"The history of lexicography in the Middle Ages", Olga Weijers tells us (Weijers 1989: 152), "is much less interesting for its matter than for its form." There are of course many aspects to dictionary form but the one that shall interest us here is the form of the dictionary entry and its development in medieval lexicography. Even within the nascent entry form of the earliest medieval dictionaries there develops an association between the information conveyed and the location in which it is to be found. It is true that the options for ordering the material are limited, yet it appears that many of the early choices made for the form of the medieval dictionary entry would have far-reaching effects on the organisation of later lexicons.

Every dictionary entry has as its base two poles, the headword and the definition, or lemma and gloss, reflecting the origin of all glossaries. But around these two poles other information is soon added as dictionaries take on a more formal pattern. Some of that information qualifies the headword, some expands the definition, while some relates to both. For convenience we can call that information which is non-lemmatic and non-definitional metalanguage. In a recent study of metalanguage in medieval lexicography, I drew attention to the privileging of three positions in the dictionary entry besides the headword and definition where metalinguistic terms might be found, namely the post-lemmatic, the post-definitional and the marginal (Merrilees 1991). That study was based on a fifteenth-century bilingual, that is Latin-French, dictionary, the Dictionarius of Firmin Le Ver. In his layout and organisation, Le Ver was drawing on a long tradition of medieval dictionary-making and it will be the purpose of this paper to look at the transmission of some of that tradition. The implications for the shaping of the modern dictionary should be self-evident.

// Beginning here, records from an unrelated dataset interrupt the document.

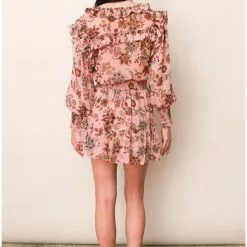 Misa Roan Skirt In Choco Rose Floral New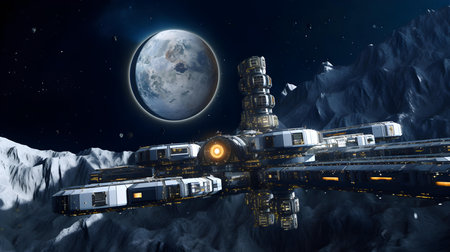 3D CG rendering of space station. 3D CG rendering.の素材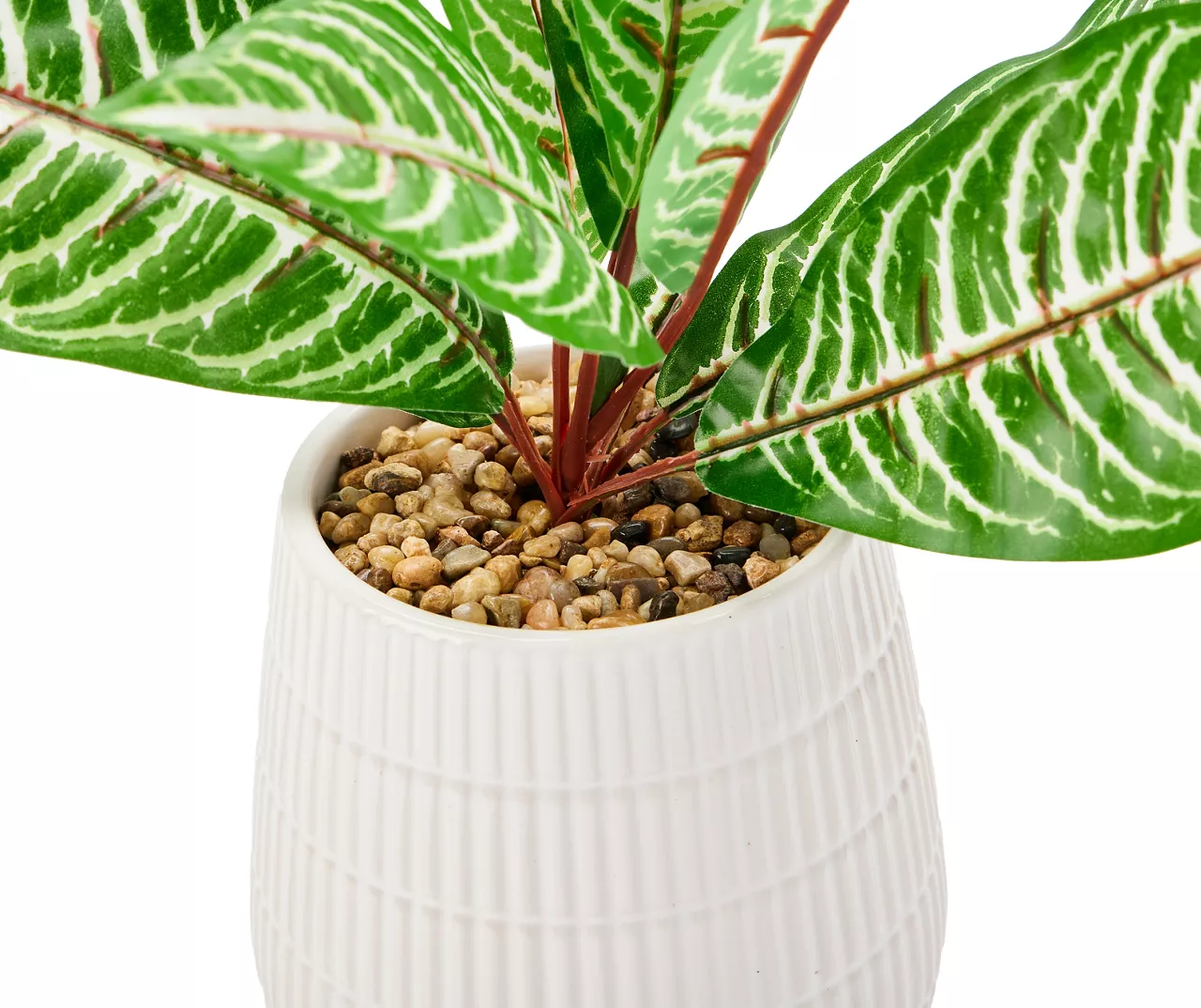 Green Artificial Leafy Arrangement With White Ridged Ceramic Pot 2 Green Artificial Leafy Arrangement With White Ridged Ceramic Pot - Image 2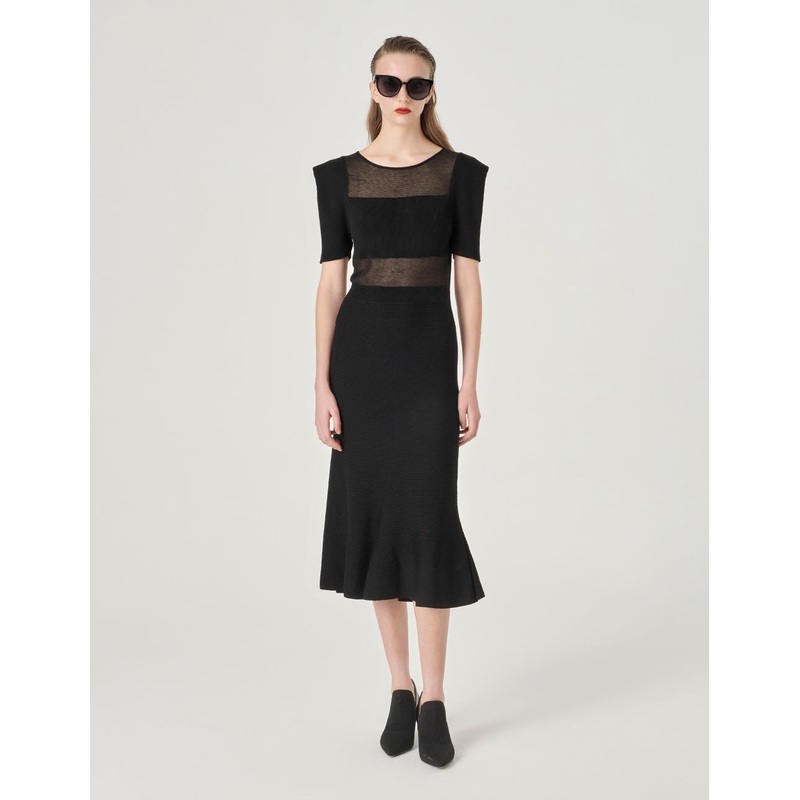 Black Fishtail Knitted Dress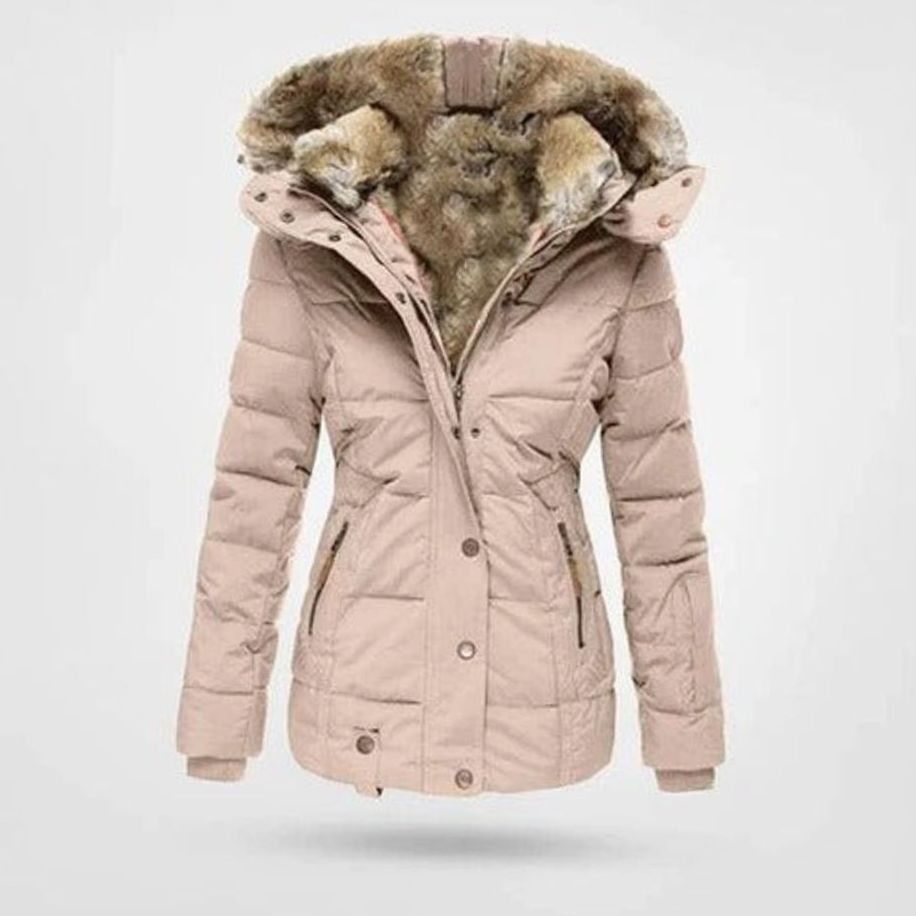 Amelia | Women's Quilted Hooded Puffer Coat Faux Fur Longline Jacket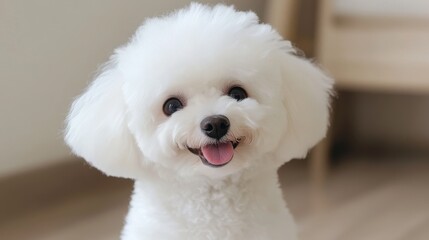 Happy White Dog with Fluffy Coat Sitting Indoors with Joyful Expression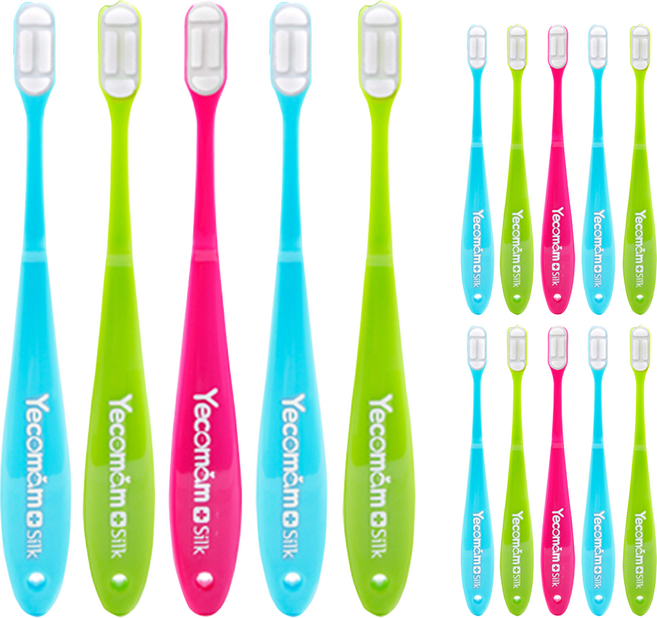 예꼬맘 실크 어린이 칫솔 2단계, 혼합색상, 1개입, 15개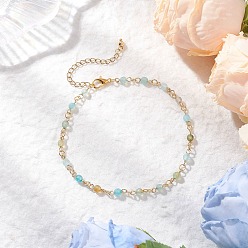 Аквамарин 304 браслеты на ногу из круглозвенной ограненной цепи из нержавеющей стали и натурального агата (окрашенного и нагретого), золотые, аквамарин, 9-3/8 дюйм (238 мм)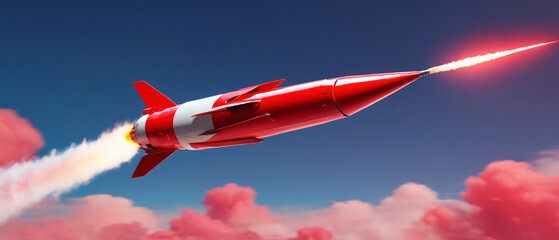 A red rocket soars through the sky in a stylized illustration. Generative AI.

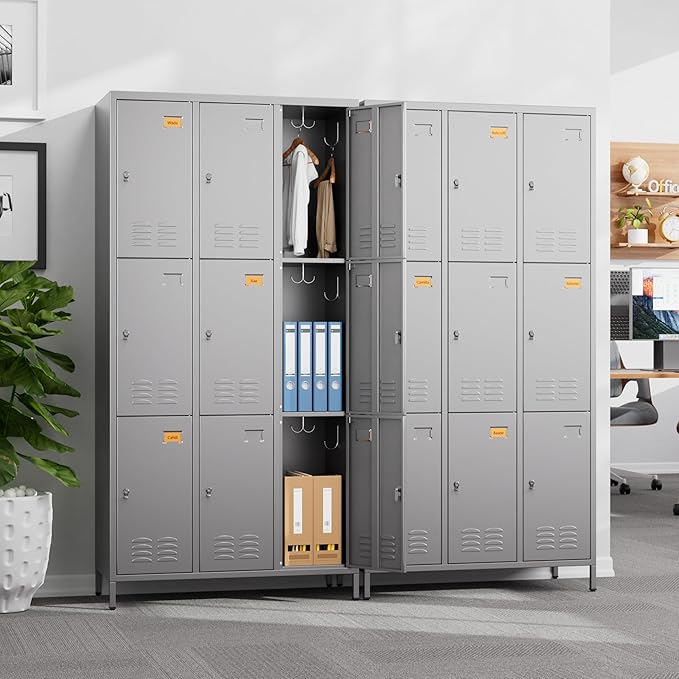 9 Doors Metal Locker with 27 Hooks and Business Card Holder,Metal Lockers for Employees with Ventilation Holes for School Office Gym Garage,Assembly Required,Dark Grey-DeskLoop Office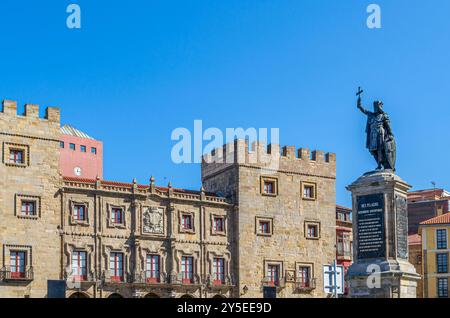 Streets with colorful architecture in Gijon, Asturias, northern Spain Stock Photo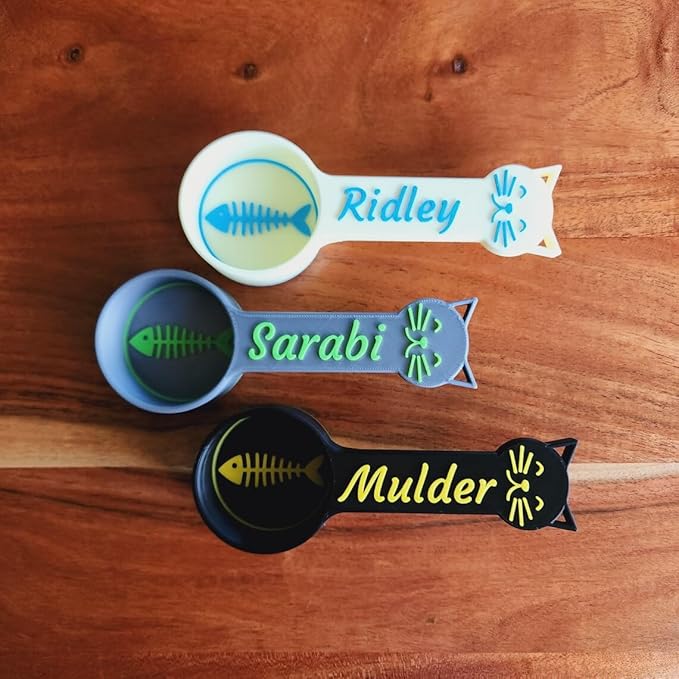 Personalized Cat Food Scoop, Cat Food Measuring Cup with Name, Kibble Scoop (8 oz - 1 cup)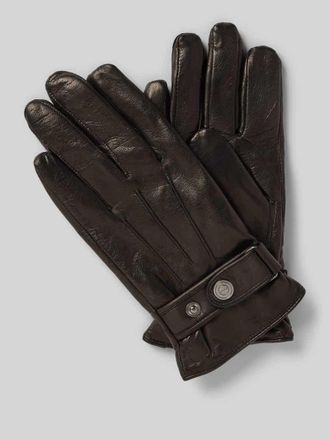 Eem Fashion Fingerhandschuhe aus Schafsleder mit Riegel in Black, Gr&ouml;&szlig;e XL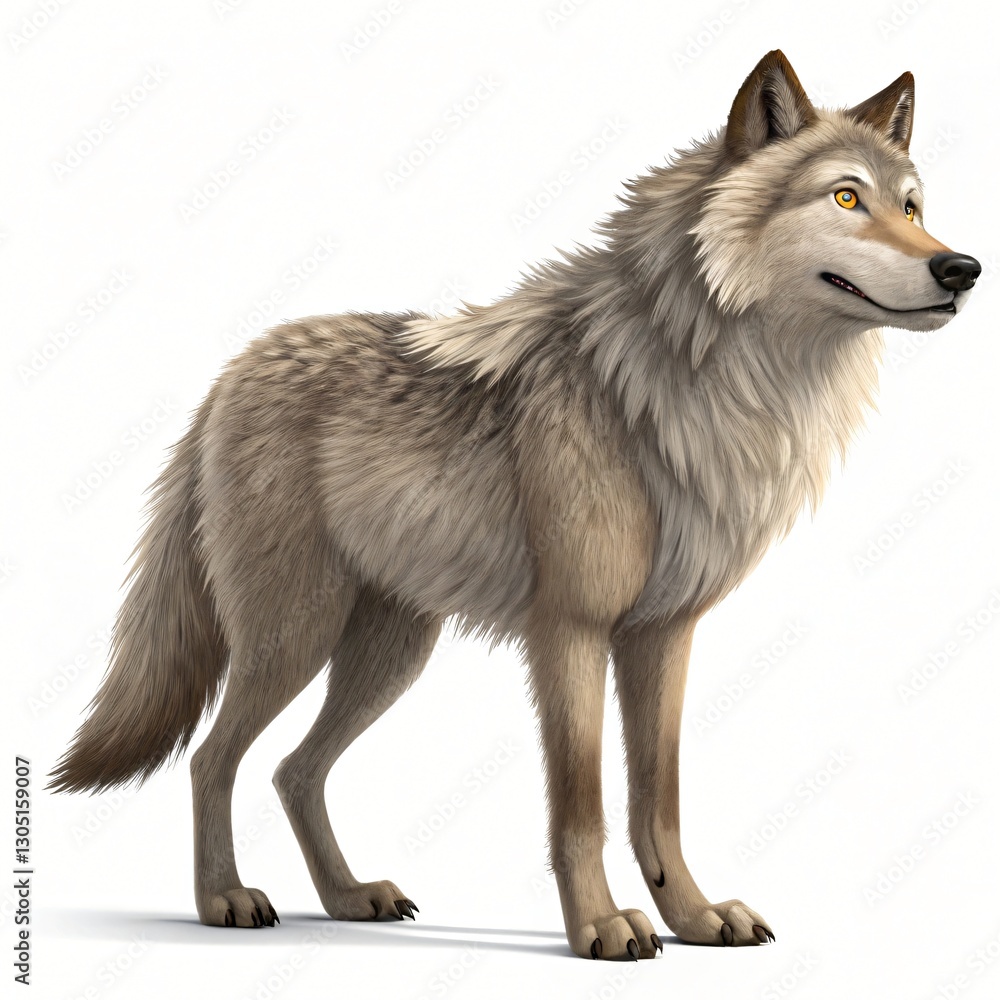 Majestic Gray Wolf Profile View Fluffy Fur Wild Canine Detailed Render Majestic Gray Wolf Profile View Fluffy Fur Wild Canine Detailed Render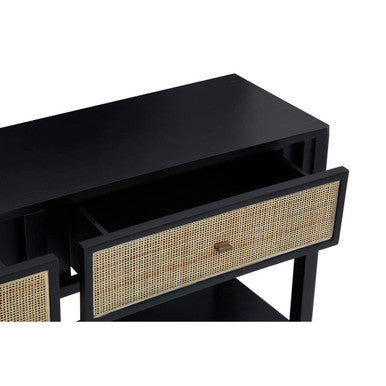 Black Console Table with Sturdy Frame and 2 Rattan-Front Drawers | Corso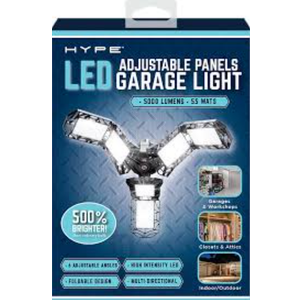 Adjustable Panels Garage Light, 5000 Lumens 55 Wats, 
Adjustable Panels, E26 LED Shop Lights for Garage, Basement, Barn, High Bay Light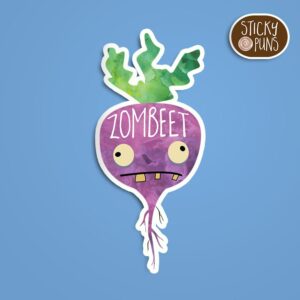 A pun sticker with the word 'ZomBEET' featuring a zombie beet. Sticker is on a blue background with a sticky puns logo in the top right corner.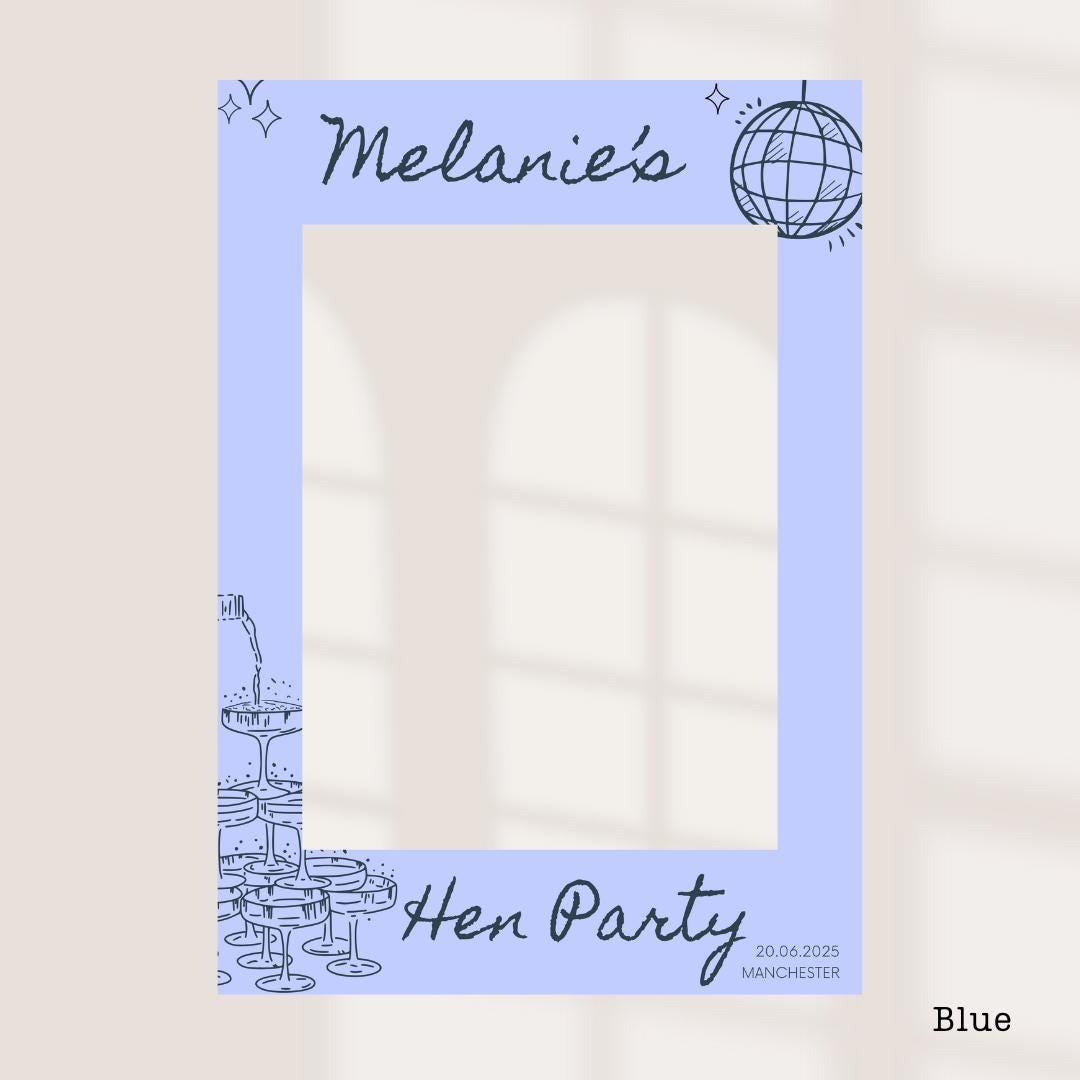 Personalised Hen Party Printed Selfie Frame: Disco Ball Champagne Tower Design - Customise Name, Venue & Date - Various Colour Options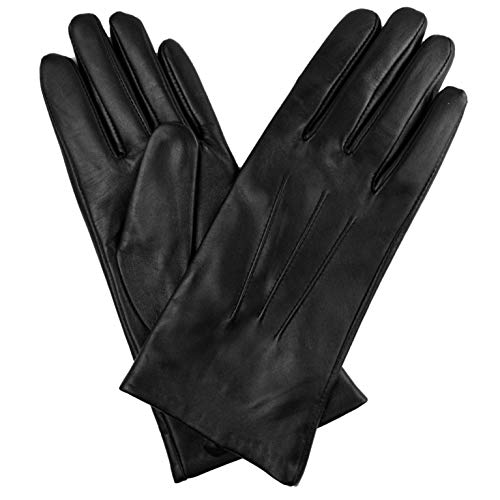 Jasmine Silk Damen-Handschuhe, echtes Lammleder, Kaschmirfutter, Schwarz, Schwarz , Extra Large (9-8.5 inches) von Jasmine Silk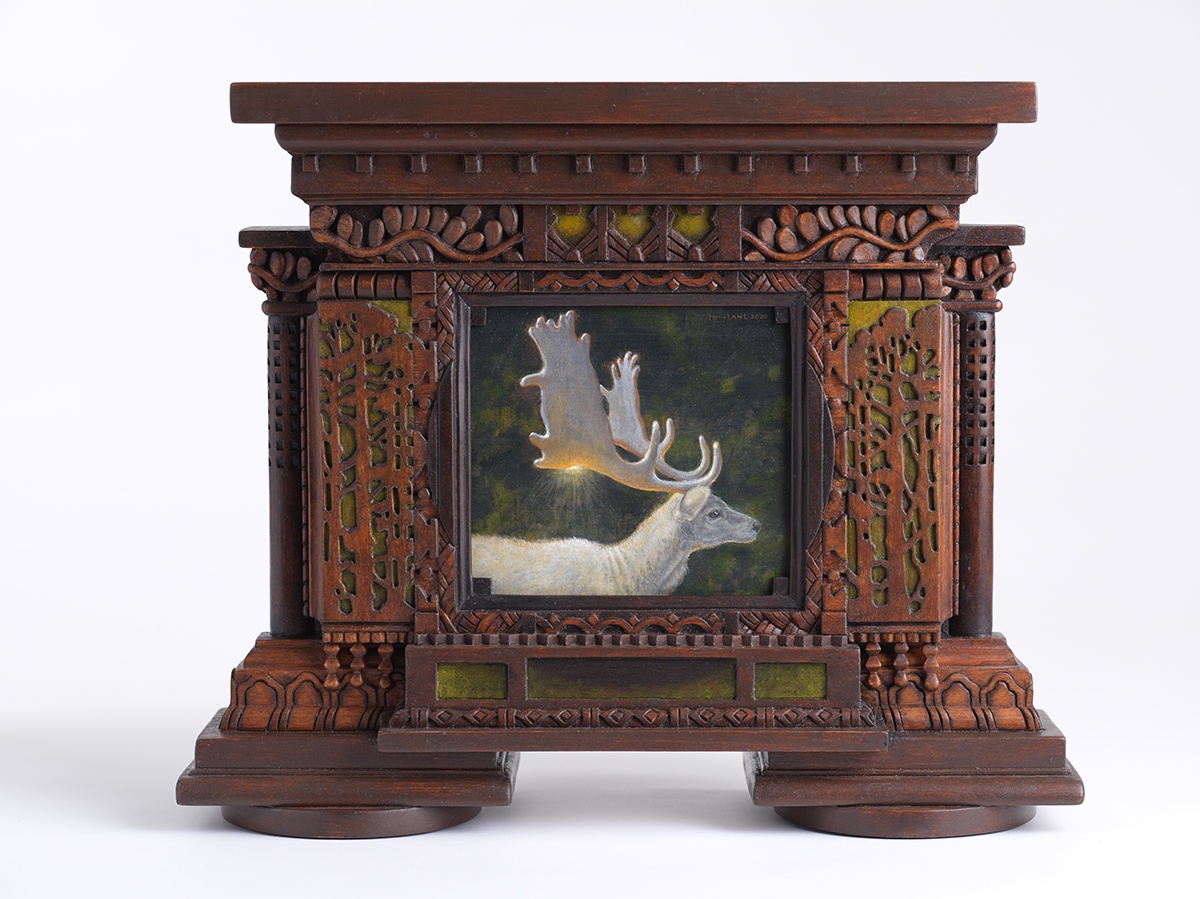 Light in the Forest, Carved wooden Sculpture with painting, by Holly Lane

1. Basic structures of the dictionary article

The minimal structure of a glossary, lexicon or dictionary entry consists of two parts, the lemma or headword and the gloss or definition. This description is sufficient to cover some very early and rudimentary texts such as the Glosses of Reichenau, but as early as the eleventh century and the Elementarium of the Italian Papias dictionary entries were already developing other constituent parts. Their nature is hardly surprising: their position can be defined by the relationship to the lemma and the definition. What is striking however, as we will try to show, is the gradual association of certain kinds of metalinguistic information with each of the positions. Although these are far from rigid even by the time printing began to fix some of the medieval practices, the correlation of information and location can be traced through the evolution of the manuscript dictionaries of the Middle Ages.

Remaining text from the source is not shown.